Josh, it’s so great to have the chance to interview you here for Signals’ Fintech Founders. Where I’d like to start is, tell us a little bit about Backflip, a little bit about who you are, and what your founding journey has been thus far.

Sure. I'll start by giving you the super high level on Backflip. We are supporting real estate entrepreneurs on their journey to reinvigorate the housing supply, and it's been an incredible journey so far, and we're really just getting started. I grew up in Texas, and growing up in Texas– as you did too, Dez– you are surrounded by business folks, particularly in the real estate sector. And there are people all over the place who are doing all sorts of interesting and innovative things in real estate. I also have always been fascinated by technology and data, and what's possible with innovation. And what’s so interesting to me, as well as others, is how slow the technology adoption cycle has been within real estate, and so you’ll see that that's been an ongoing theme throughout my career.

Long story short, I started my career as an investment banker in New York, working in credit and capital markets. After a few years I decided to start my own proptech company, Urbin, a storage disruptor. We were a competitor to Makespace and Clutter. I grew the company and sold it, which was a great experience and from there I decided to try VC investing. I worked with companies like The Trade Desk, which is an ad tech platform that uses AI & ML to make better decisions and make buying more transparent. I always knew I wanted to get back into operating, and after my VC experience, I was thinking about starting my next business or joining one of my portfolio companies. Eventually a founder friend of mine recruited me to be the COO of his company which coincidentally was in the real estate space, and in Texas.

That was a really important step in my journey because that platform had a couple of different business models, but one was a marketplace specifically for real estate investors who were focused on buying single-family residential assets. Those investors could make money in a lot of different ways: Flipping the house and doing a value-add deal, AirBnB-ing the asset… and our marketplace helped curate inventory for the investors. We helped about 20,000 investors scale their businesses, ranging from big institutions to Mom and Pops. They were all doing quite well and making good profit on fun, interesting strategies, but they were also so antiquated in their processes. They didn’t leverage what's available to them from the data technology standpoint, let alone a capitalization standpoint.

It just became more and more obvious to me that we needed to build a version of the capitalization stack that I'd been introduced to in my past lives, for example at The Trade Desk or in my early investment banking days, to help these really small-scale real estate entrepreneurs and investors.
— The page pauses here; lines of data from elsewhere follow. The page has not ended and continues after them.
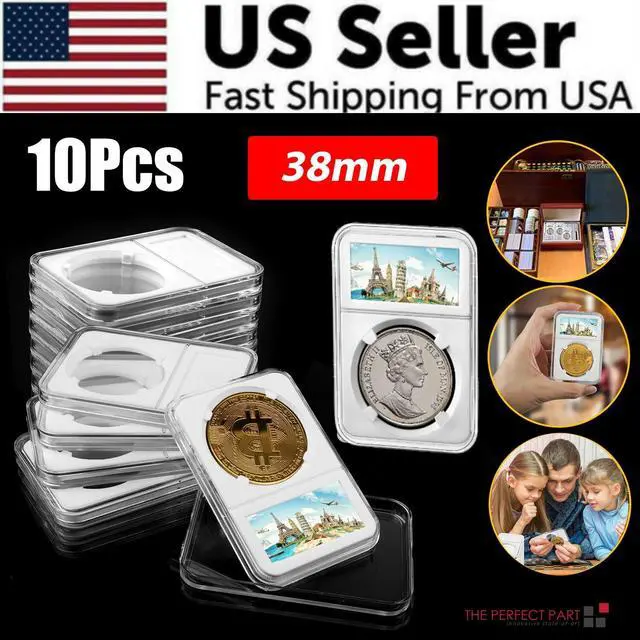 Alt view image 2 of 7 - 10pcs Coin Display Slabs 38mm Graded Storage for MORGAN/PEACE/IKE SILVER DOLLAR
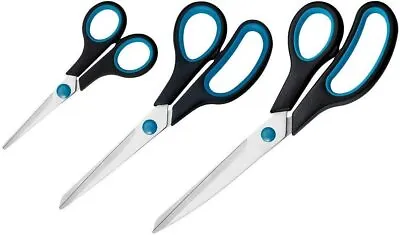 Scissors Scissors Set Easy Grip Scissors Set 3 Pieces 13 Cm 21 Cm 25 Cm Black-blue • £8.61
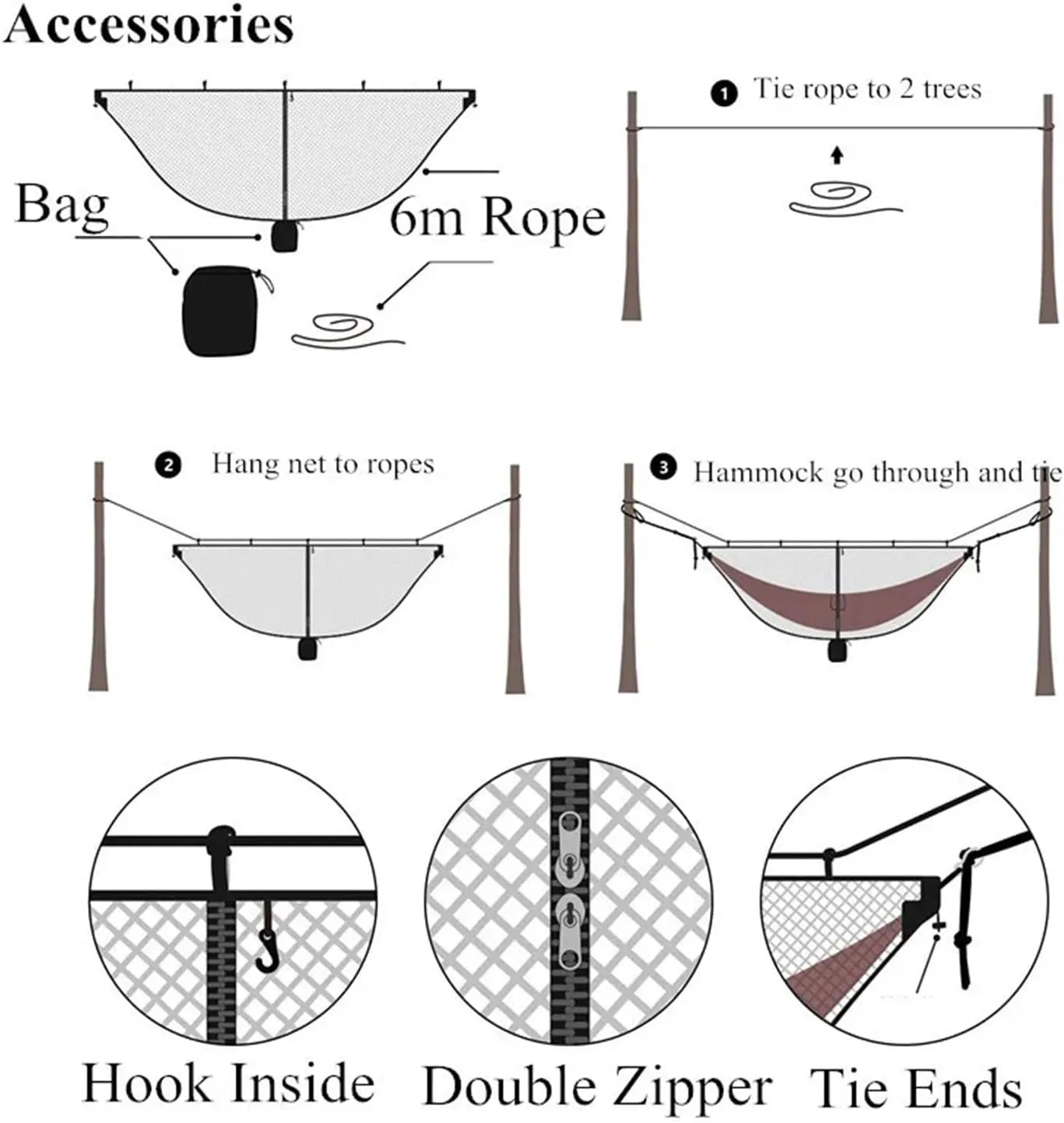 Camping Hammock Large Camping Hammock Bug Net Fits Hammocks Lightweight Hammock Netting Fast and Easy Set Up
Because today, although they do well, a lot of them are definitely still operating without vertical market software and more like old-school Moneyball. People act as scouts trying to make decisions based on gut. And then they're capitalizing these deals, honestly, with slightly predatory partners. That’s not the way that it needs to be.

These deals are interesting. There's a lot of potential upside. These entrepreneurs are unbelievably fascinating, and so finding ways to help them, whether that's accessing this asset class and getting into the space for the first time or their business– that's what Backflip is purely focused on, and it's been an incredibly fun and rewarding kind of platform journey that we're on right now.